Lunch was good ... Sub Shop. I seem to remember us ordering from there on a nightly basis, and the sandwich was exactly how I remembered it. Great lunch. Though the place was a dump. We used to always have it delivered and I don’t think I ever once stepped foot in the shop.

I made my way past an old apartment — where I last lived before moving back to L.A. — then went down toward Rock Quarry. I used to love driving this road. Pretty and twisty and fun and a great alternative to Providence. On the maps and elevation chart, this appeared to be a pretty decent climb. I’d been anxious about in the weeks leading up to the ride because of my poor conditioning. And it turned out to be pretty tough. Not a steady climb like the elevation maps indicated, but several short, steep pitches. One of them hit 10%, according to my Garmin. A couple hit 8 or 9%. On a loaded, 50-pound bike with 32mm knobby cross tires, and with tired legs, these were no joke. Ouch. On that aforementioned 10-percenter, I considered walking it. But the road was narrow with no shoulder, and there was a lot of traffic leaving the football stadium (but no drunks drives, I’m sure), so I just huffed my way through it. I’m sure I would have anyway.

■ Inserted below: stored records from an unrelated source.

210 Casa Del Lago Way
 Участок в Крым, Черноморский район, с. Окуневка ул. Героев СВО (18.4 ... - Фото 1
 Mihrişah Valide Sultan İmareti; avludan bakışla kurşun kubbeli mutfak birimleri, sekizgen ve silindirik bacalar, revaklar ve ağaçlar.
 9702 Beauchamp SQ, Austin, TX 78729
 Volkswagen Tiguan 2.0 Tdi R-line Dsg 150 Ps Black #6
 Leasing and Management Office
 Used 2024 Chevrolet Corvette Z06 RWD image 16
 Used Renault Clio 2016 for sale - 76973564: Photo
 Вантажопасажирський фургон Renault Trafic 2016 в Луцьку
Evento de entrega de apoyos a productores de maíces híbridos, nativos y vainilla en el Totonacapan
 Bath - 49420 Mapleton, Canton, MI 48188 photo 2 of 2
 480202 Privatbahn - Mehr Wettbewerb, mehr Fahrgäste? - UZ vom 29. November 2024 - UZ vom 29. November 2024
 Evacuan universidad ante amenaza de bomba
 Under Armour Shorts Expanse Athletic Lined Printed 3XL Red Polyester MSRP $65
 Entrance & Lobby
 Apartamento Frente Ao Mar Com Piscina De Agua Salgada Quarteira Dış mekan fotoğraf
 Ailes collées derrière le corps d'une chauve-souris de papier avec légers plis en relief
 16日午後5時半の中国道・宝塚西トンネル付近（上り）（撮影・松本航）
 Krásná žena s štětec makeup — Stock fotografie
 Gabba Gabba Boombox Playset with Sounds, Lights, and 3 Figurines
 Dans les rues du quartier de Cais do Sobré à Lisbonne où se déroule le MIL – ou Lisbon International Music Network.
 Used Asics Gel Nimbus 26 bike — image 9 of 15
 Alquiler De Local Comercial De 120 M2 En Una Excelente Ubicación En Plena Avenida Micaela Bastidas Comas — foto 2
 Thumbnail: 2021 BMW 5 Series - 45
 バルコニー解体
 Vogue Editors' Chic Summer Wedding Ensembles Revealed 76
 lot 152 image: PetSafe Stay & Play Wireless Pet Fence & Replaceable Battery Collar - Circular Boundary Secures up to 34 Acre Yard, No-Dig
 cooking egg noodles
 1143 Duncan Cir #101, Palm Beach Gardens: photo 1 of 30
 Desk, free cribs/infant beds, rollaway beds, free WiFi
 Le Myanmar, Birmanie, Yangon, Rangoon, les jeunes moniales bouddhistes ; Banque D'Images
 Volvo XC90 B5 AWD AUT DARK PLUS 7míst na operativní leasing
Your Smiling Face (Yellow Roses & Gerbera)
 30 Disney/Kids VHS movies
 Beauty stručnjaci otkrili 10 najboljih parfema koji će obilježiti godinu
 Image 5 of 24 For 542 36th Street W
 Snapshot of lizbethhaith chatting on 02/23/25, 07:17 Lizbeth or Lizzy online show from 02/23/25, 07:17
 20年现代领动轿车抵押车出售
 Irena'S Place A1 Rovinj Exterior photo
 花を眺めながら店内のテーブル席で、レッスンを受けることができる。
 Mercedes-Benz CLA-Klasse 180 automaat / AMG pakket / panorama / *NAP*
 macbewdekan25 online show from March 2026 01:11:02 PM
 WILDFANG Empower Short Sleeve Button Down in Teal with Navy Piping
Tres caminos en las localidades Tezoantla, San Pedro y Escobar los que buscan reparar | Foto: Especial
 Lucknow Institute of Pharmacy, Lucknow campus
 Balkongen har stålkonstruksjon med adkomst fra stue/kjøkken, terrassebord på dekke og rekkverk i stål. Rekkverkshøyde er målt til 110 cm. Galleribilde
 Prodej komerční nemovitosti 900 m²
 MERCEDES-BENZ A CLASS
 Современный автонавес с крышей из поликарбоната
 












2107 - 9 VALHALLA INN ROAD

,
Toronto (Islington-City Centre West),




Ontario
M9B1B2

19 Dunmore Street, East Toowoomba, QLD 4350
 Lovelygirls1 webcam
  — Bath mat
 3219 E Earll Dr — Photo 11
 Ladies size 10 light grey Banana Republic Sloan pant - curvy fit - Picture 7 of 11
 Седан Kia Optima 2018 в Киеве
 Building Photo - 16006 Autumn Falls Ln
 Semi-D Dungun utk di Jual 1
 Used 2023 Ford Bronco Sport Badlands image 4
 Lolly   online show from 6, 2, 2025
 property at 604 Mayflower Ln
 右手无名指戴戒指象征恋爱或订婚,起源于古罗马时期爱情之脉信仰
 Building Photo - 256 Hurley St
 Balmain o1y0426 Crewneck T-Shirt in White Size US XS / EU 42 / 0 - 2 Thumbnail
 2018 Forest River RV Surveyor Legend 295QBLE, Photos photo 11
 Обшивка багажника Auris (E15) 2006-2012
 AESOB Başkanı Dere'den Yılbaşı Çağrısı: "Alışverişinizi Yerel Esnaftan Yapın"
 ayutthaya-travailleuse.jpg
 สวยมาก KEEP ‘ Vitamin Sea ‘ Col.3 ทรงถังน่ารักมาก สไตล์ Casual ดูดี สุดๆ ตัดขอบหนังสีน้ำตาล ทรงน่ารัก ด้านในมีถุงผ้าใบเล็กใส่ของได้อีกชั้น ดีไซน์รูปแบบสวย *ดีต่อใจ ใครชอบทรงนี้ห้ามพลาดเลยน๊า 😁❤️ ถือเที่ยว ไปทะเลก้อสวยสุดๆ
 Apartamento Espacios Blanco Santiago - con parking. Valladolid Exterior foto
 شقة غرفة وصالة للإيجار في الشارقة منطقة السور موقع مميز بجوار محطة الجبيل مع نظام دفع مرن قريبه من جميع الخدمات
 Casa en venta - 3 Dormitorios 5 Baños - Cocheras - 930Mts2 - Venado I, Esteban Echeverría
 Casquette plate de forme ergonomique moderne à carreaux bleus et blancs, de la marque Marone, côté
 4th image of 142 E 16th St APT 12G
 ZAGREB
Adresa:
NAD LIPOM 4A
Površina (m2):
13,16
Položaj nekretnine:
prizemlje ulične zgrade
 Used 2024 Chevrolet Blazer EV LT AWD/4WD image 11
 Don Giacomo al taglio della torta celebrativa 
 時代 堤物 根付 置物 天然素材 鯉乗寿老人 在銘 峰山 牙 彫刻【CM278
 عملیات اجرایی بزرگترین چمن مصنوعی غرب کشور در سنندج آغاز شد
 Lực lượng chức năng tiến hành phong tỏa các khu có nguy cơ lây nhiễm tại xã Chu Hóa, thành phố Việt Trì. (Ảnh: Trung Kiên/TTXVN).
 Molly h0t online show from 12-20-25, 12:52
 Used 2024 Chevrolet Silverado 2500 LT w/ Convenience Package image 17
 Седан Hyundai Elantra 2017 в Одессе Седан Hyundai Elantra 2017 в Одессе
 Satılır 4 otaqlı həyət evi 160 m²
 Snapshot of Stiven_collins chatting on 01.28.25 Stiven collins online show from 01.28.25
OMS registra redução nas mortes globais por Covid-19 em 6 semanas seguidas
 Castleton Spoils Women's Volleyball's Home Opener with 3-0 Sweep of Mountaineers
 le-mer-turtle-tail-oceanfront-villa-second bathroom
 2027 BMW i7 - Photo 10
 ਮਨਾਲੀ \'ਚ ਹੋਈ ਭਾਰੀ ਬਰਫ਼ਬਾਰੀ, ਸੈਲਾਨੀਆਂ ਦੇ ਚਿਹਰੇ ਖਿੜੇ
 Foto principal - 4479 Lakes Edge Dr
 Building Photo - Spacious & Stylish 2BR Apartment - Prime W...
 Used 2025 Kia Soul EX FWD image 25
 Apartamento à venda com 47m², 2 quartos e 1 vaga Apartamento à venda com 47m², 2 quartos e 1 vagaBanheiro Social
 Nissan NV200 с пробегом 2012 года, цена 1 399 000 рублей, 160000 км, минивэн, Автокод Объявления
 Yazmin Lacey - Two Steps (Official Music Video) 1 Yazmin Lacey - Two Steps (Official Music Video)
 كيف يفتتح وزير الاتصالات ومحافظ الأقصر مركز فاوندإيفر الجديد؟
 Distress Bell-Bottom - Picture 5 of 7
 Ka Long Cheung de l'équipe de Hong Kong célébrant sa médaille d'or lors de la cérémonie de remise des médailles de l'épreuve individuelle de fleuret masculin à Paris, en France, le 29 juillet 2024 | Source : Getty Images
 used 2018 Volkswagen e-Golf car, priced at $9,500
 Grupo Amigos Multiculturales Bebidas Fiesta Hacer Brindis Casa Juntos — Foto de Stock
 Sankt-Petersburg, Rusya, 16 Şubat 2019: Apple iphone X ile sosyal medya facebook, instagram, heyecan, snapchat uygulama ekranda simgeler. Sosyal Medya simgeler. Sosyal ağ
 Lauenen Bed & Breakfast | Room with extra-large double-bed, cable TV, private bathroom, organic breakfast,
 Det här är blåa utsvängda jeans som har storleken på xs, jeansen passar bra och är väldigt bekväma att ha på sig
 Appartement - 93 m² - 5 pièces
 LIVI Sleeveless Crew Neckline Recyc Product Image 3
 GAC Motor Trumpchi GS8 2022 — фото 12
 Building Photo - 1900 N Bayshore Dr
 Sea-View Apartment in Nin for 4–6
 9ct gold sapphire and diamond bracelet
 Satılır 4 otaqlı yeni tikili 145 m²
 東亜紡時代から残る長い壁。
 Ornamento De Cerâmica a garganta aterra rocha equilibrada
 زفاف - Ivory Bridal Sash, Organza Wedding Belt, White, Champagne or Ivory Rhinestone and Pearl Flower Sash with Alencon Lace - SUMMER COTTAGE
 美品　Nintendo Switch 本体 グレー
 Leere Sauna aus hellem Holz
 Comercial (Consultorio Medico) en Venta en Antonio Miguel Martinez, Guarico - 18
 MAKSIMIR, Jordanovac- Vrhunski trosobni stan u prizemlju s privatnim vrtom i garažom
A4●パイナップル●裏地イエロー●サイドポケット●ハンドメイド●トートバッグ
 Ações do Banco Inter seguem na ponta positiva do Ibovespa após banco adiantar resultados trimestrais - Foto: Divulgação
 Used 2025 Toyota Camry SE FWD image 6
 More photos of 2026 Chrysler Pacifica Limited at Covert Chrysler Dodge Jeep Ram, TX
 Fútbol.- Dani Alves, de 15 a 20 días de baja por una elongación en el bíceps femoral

From this point until almost all the way back out of town and down to the trail, I had to deal with this undulating terrain. But I was managing ... even when the rain started.

It began as a quick shower. Then nothing, until I got up around Providence and Nifong. Then it started coming down steadily. And it gradually got heavier. By the time I got to Route N and began the “descent” toward the river, it was a bonafide downpour.

But it was still warm out, so I was wet, but not cold. No problem.

And then the lightning started hitting. And I was in the middle of nowhere. Nowhere to find even the smallest shelter. So I just kept pedaling. Another lightning strike, and the thunder was immediate and so loud it caused me to jump out of the saddle. Finally I rolled into a little town called Sapp and found shelter under the small overhang of a church.

I knew remembered enough about midwest storms that I thought I might be able to hang out for a bit until it passed.

The whole time I was there I was debating calling the touring company for an emergency pickup. I’m fine to ride in the rain, especially if it’s not cold out, but riding in a thunderstorm with lightning all around me seemed like a bad idea. And I knew from the last couple days that once I got going on the Katy, shelter would be few and far between. But I also knew that I was only a couple miles from the final descent into Easley, and I was looking more forward to this than anything else. It was my favorite drive, back in the day, and even before I planned this trip I’d wondered what it would be like on a bike. So getting picked up here, in Sapp, so close to something I’d romanticized for years, was just ridiculous. If anything, if the lightning mellowed even just a little, I’d have them pick me up in Easley.

But then it all started winding down. After half an hour or so (of failed attempts at lightning shots), the rain slowed to a faint drizzle, the lightning stopped and it was time to go. (It had actually died down once before a few minutes earlier, but I thought that might be the eye of the storm kept waiting. Sure enough, it built right back up.)

Before I left I decided to call the touring company and make sure they were available to get me, should I run into another storm.

While we were talking, Henry looked at a weather satellite image and thought I’d have an hour or so after this storm passed before getting hit again. That would be give me time to get to Hartsburg, where it would be easier to get to me if it was still necessary.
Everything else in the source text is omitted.